National Savings cuts ISA rates to lowest ever rate

National Savings and InvestmentsThe Government-backed National Savings and Investments (NS&I) is to reduce the rate paid on its Direct ISA from 1.5 per cent to 1.25 per cent in a move that will affect about 400,000 savers UK-wide.

The move will be a blow to Scottish savers and likely exert additional pressure on many elderly people and families who were enticed into investing in ISA accounts because of their attractive rates and tax-efficient status.

The development comes with little likelihood of improvement soon with the Bank of England indicating that interest rates are unlikely to rise until 2017.

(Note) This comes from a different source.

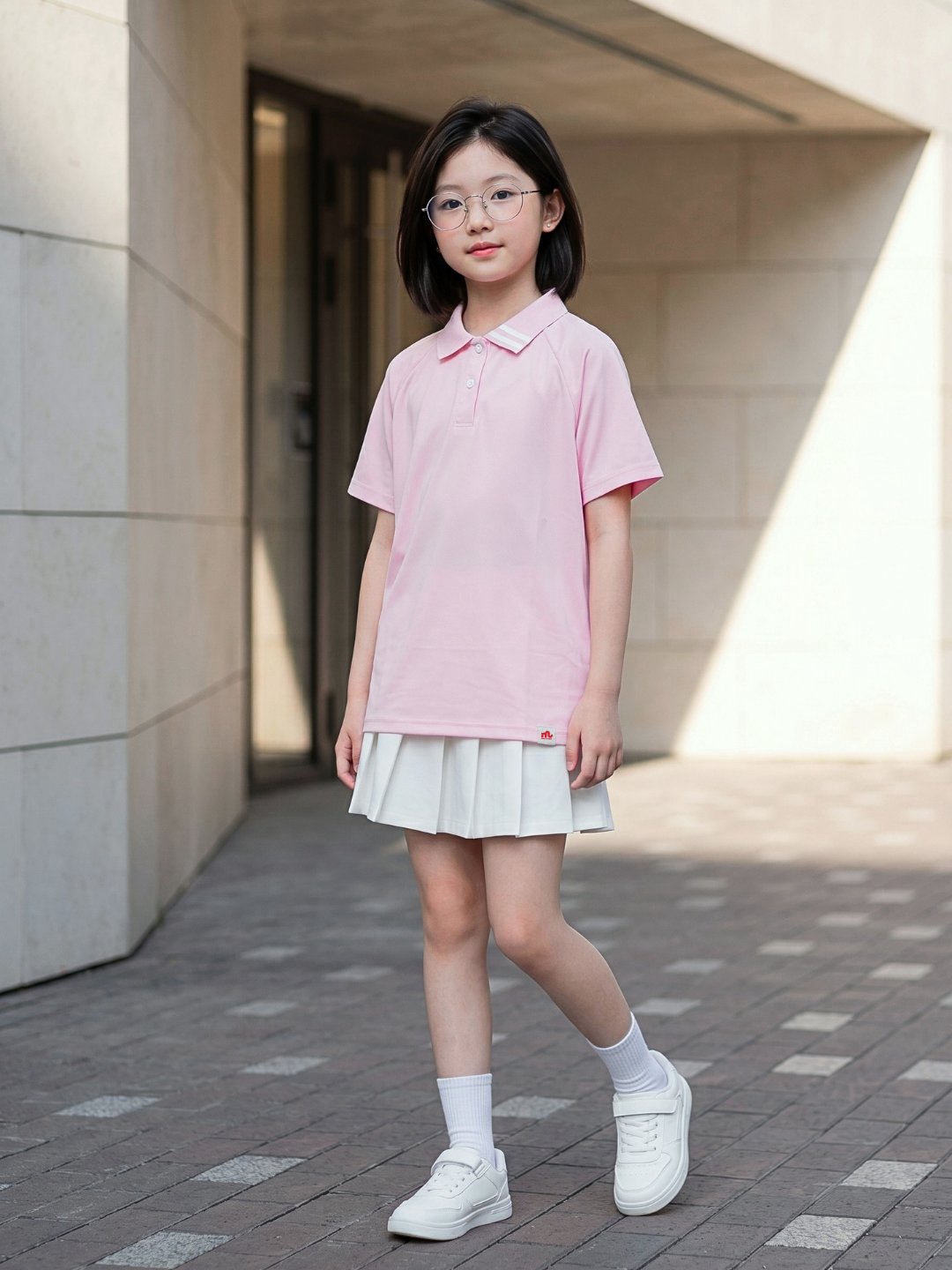 Áo polo bé trai, bé gái 6-12 tuổi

Interest rates have been at a historic low of 0.5per cent for the past six years and Bank of England Governor Mark Carney, wary of continuing economic uncertainty, has cautioned against expecting rate rises next year, after saying earlier a hike in 2016 was a possibility.

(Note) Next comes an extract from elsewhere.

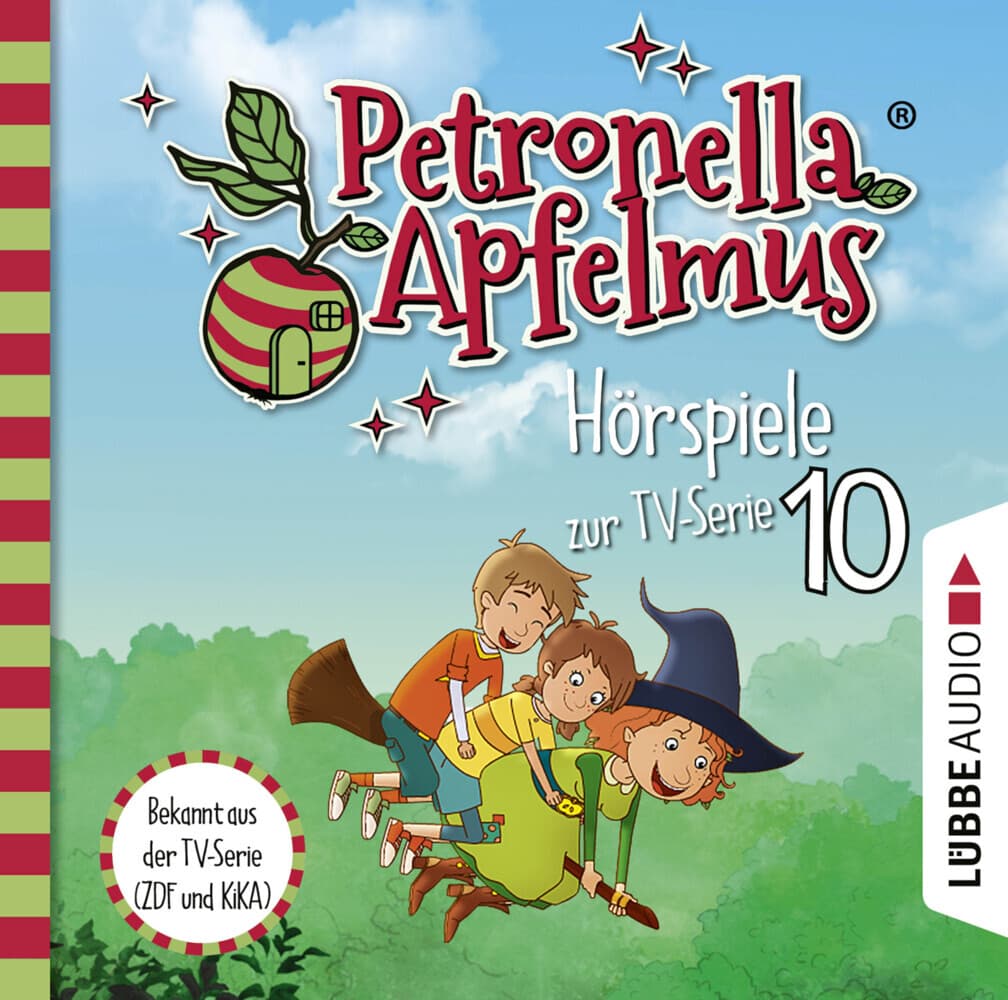 Petronella Apfelmus - Hörspiele zur TV-Serie 10,1 Audio-CD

The new rate is the lowest NS&I has offered on their tax-free account since it was launched in 2008 and across the market as a whole, returns on tax-free savings have fallen to their lowest level since comparable records began in 2011.

Calum Bennie, a savings expert at Scottish Friendly, believes the move will trigger further cuts by other account providers.

“Given the Bank of England has recently indicated the outlook for interest rates remains stubbornly low, NS&I rate cut is not unexpected but will be disappointing for savers and is yet another blow to cash ISAs,” he said.

“This cut by a Treasury-led provider makes it likely that others will follow suit.”

Mr Bennie added savers should be braced for low interest rates for the foreseeable future, leading to poor returns on investments.

“Savers are set for at least a further year of dismally low interest rates. This is why more people are now dipping their toes into stocks and shares ISAs as a way of saving for their future,” he said.

“Although risk is attached, savers should seriously consider stocks and shares ISAs as a potentially higher return alternative to cash deposits.”

Tom Adams, head of research at consumer website Savings Champion, said of NS&I’s cut: “It is a blow in that its previous rate was one of the best ISA rates available, it’s now going down to a much less competitive level.

“Some people will find alternatives but others won’t be able to.”

The expert also said savers should not expect an upturn any time soon and signalled rates cuts were now “part of the savings landscape” and there was “no sign of the trend stopping” following NS&I’s decision.

“There is usually an alternative though. You can get much better rates if you look elsewhere,” he said.

“Savers should keep an eye on best buy tables. If the rate has gone down to an uncompetitive level take action.

“The onus is still on people to seek out alternatives and it is not always easy. So there can be blocks to moving to an investment with a better rate. People do not have the time and savers can be stuck on a particular account.”

NS&I will continue to attract savers because all deposits were backed by a Treasury guarantee, he added.